▸ **EXERCISE REQUIREMENTS**: Using the data below, return every line that holds the word "Plus".

(Brief descriptive captions)

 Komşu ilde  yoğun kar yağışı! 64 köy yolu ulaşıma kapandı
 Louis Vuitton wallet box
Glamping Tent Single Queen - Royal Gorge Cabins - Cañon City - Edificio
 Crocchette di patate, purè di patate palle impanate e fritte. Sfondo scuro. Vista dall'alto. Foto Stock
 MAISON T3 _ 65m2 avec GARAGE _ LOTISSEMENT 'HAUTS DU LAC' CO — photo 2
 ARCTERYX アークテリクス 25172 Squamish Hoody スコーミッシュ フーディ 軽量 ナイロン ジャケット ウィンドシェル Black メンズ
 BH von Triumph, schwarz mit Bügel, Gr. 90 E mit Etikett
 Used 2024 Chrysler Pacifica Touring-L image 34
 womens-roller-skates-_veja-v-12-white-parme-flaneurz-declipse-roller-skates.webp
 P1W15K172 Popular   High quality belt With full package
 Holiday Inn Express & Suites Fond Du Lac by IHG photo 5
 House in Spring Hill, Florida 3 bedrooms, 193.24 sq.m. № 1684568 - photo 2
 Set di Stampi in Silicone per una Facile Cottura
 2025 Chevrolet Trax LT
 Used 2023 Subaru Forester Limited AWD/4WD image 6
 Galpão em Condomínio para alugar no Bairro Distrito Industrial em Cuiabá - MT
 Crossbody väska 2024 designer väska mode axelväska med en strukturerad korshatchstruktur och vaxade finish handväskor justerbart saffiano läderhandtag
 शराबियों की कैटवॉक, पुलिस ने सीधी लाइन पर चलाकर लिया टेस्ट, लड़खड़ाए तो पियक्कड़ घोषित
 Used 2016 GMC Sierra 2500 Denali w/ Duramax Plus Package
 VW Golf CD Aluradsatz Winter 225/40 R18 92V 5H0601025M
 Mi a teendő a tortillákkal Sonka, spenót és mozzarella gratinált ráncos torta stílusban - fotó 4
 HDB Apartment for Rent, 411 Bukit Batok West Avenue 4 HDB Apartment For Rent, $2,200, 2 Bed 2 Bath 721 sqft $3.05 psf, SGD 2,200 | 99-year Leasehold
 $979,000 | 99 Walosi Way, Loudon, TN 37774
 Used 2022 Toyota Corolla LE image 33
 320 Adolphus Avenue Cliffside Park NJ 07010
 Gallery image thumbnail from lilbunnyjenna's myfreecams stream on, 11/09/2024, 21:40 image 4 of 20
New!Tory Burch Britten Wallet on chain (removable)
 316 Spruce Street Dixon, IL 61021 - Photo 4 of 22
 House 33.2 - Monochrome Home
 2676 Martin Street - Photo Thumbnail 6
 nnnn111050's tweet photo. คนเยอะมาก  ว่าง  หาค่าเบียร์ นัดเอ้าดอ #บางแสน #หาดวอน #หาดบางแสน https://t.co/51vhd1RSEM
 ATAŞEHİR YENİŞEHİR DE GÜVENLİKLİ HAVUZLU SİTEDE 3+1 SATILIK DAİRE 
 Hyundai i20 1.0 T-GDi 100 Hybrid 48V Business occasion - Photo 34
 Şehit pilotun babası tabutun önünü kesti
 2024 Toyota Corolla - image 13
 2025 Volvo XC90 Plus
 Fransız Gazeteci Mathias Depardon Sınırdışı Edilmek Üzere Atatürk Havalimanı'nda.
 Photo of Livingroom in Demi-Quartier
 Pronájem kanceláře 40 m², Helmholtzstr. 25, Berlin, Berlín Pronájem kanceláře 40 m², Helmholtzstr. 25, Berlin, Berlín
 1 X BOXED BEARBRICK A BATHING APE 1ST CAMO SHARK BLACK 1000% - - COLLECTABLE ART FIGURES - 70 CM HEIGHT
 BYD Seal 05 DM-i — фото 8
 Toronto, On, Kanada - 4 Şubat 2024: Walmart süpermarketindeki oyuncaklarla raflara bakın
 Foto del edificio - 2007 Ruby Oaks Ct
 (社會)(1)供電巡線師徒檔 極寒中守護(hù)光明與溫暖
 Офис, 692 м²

▸ **OUTPUT OF THE TASK**:
 Used 2016 GMC Sierra 2500 Denali w/ Duramax Plus Package
 2025 Volvo XC90 Plus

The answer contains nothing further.